For Percent CV, multiply the coefficient of variation by 100 ($CV \times 100$).

### **Population**

$$
CV = \frac{\sigma}{\mu}
$$
- Where
    - $ \sigma $ is the standard deviation of the population
    - $ \mu $ is the mean of the population

### **Sample**

$$
CV = \frac{s}{\bar{x}}
$$
- Where
    - $ s $ is the standard deviation of the sample
    - $ \bar{x} $ is the mean of the sample

## **Correlation Coefficient (Pearson's r)**

The **correlation coefficient** is a statistical measure that describes the strength and direction of a relationship between two variables. It ranges from -1 to 1. The closer the value is to 1, the stronger the relationship.

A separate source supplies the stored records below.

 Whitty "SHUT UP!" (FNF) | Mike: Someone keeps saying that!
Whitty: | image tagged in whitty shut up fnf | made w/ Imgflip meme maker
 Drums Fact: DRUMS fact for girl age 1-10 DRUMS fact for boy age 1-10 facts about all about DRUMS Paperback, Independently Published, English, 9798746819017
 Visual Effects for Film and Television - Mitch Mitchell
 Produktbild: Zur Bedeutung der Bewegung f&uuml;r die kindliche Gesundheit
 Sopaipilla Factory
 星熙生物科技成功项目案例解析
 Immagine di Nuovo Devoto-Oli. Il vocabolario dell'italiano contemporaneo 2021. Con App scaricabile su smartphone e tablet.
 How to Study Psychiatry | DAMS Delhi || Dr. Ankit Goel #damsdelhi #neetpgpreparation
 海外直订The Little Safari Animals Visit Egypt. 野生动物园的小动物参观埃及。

It is  essentially a normalized measurement of the [covariance](#covariance). As with covariance itself, the measure can only reflect a linear correlation of variables, and ignores many other types of relationships or correlations. 

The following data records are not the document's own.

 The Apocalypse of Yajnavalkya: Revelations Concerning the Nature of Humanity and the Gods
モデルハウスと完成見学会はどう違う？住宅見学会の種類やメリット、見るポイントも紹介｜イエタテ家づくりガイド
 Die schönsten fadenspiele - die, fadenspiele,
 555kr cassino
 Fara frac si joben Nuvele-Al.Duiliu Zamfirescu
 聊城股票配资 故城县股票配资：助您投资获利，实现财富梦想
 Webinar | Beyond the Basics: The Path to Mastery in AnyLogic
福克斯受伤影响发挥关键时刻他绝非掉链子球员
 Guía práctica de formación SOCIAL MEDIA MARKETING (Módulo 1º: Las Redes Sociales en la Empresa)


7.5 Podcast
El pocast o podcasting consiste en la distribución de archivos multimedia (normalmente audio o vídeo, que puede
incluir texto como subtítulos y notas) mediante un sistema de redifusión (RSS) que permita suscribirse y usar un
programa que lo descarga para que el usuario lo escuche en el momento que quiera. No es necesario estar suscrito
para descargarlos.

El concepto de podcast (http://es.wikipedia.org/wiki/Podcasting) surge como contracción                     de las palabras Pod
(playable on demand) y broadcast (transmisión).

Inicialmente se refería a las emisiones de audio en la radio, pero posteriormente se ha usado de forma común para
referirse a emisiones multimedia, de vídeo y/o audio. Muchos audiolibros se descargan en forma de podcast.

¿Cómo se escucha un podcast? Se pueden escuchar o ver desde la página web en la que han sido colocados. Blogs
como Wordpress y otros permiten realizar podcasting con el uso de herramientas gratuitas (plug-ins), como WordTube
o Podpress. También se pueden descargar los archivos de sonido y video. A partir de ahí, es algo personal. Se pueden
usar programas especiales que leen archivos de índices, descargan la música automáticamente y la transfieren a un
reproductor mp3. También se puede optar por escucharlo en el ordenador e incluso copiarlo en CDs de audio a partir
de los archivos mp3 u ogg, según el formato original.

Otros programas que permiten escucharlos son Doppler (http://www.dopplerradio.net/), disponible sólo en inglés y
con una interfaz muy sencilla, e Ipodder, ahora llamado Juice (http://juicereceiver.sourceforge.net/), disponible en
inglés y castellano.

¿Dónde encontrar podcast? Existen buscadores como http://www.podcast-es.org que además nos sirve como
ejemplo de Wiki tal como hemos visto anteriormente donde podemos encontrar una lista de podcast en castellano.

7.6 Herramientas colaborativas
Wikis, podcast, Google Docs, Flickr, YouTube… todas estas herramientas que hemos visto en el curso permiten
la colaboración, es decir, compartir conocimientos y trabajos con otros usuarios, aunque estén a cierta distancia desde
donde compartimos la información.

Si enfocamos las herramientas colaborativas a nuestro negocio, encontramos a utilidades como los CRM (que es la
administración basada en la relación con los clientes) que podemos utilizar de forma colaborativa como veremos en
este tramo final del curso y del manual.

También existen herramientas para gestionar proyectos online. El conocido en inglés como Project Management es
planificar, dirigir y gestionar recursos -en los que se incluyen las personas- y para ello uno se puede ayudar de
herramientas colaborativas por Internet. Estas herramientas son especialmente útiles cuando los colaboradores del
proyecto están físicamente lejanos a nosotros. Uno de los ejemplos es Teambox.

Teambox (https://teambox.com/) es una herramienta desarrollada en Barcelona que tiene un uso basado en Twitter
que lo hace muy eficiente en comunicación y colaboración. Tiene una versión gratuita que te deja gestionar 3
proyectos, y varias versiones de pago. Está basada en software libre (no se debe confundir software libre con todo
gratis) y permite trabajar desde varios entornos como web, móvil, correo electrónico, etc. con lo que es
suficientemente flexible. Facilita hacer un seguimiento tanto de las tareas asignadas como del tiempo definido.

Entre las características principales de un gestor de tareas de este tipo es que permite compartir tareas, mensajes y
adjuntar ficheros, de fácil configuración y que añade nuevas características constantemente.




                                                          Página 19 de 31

As a simple example, one would expect the age and height of a sample of children from a school to have a Pearson correlation coefficient significantly greater than 0, but less than 1 (as 1 would represent an unrealistically perfect correlation).

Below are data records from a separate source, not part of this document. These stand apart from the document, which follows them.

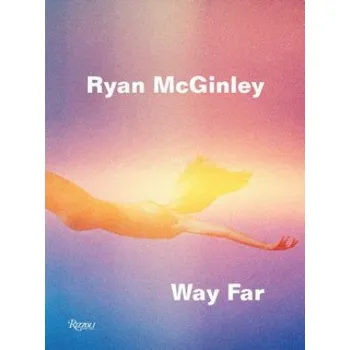 Cizojazyčná kniha Ryan McGinley: Way Far (David Rimanelli)(Pevná)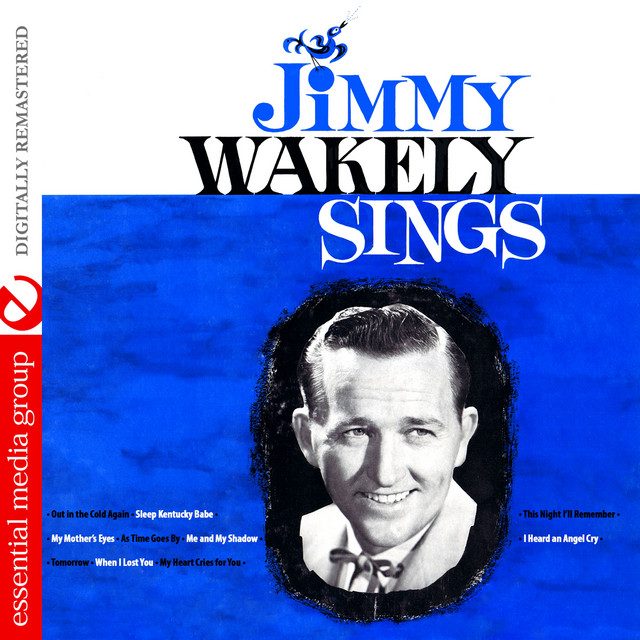 Jimmy Wakely Sings (Digitally Remastered) album cover
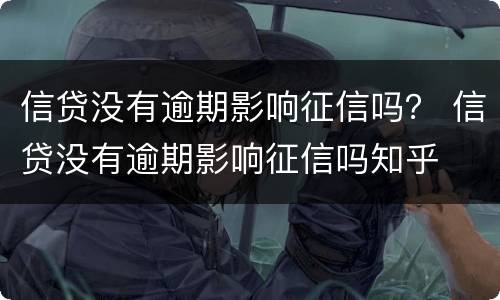 信贷没有逾期影响征信吗？ 信贷没有逾期影响征信吗知乎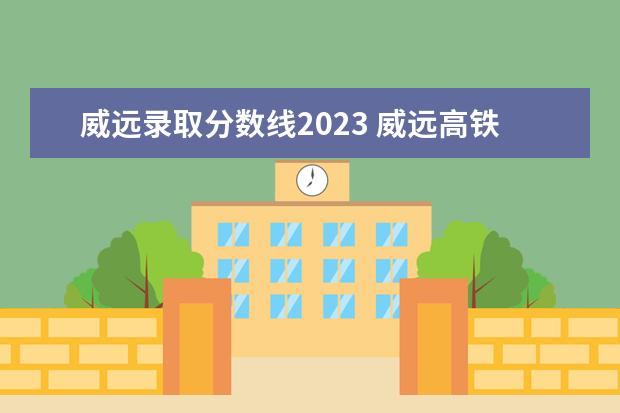 威遠錄取分數(shù)線2023 威遠高鐵站2023年幾月開通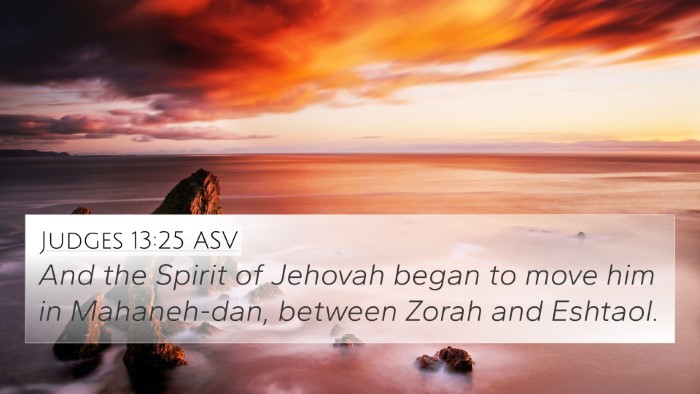Judges 13:25 ASV Bible Verse Image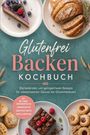 Text: "Glutenfrei Backen Kochbuch. Die leckersten und gelingsicheren Rezepte für unbeschwerten Genuss bei Glutenintoleranz."  
Brote und Kuchen auf Tellern.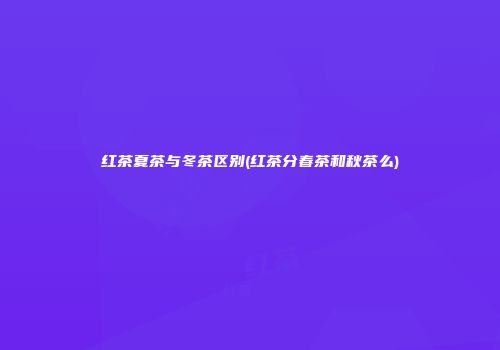 红茶夏茶与冬茶区别(红茶分春茶和秋茶么)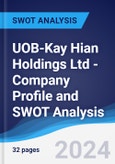 UOB-Kay Hian Holdings Ltd - Company Profile and SWOT Analysis- Product Image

The following table shows the correlation coefficient's strength and direction:

| Correlation Coefficient | Strength of Relationship | Correlation Direction / Type |
|-------------------------|--------------------------|-----------------------|
| -0.7 to -1.0 | Very Strong | Negative |
| -0.5 to -0.7 | Strong | Negative |
| -0.3 to -0.5 | Moderate | Negative |
| -0.1 to -0.3 | Weak | Negative |
| 0.0 | None | Zero |
| 0.1 to 0.3 | Weak | Positive |
| 0.3 to 0.5 | Moderate | Positive |
| 0.5 to 0.7 | Strong | Positive |
| 0.7 to 1.0 | Very Strong | Positive |

### **Population**

$$
\rho_{X,Y} = \frac{cov(X, Y)}{\sigma_X \sigma_Y}
$$
- Where
    - $ cov(X, Y) $ is the covariance of $X$ and $Y$
    - $ \sigma_X $ is the standard deviation of $X$
    - $ \sigma_Y $ is the standard deviation of $Y$

### **Sample**

$$
r_{x,y} = \frac{cov(x, y)}{s_x s_y}
$$
- Where
    - $ cov(x, y) $ is the covariance of $x$ and $y$
    - $ s_x $ is the standard deviation of $x$
    - $ s_y $ is the standard deviation of $y$

## **Covariance**

In probability theory and statistics, covariance is a measure of the joint variability of two random variables. The sign of the covariance, therefore, shows the tendency in the linear relationship between the variables:
- Positive: the variables tend to increase together
- Negative: one variable tends to decrease as the other increases
- Zero: the variables are independent

The [correlation coefficient](#correlation-coefficient-pearsons-r) normalizes the covariance by dividing by the geometric mean of the total variances for the two random variables. 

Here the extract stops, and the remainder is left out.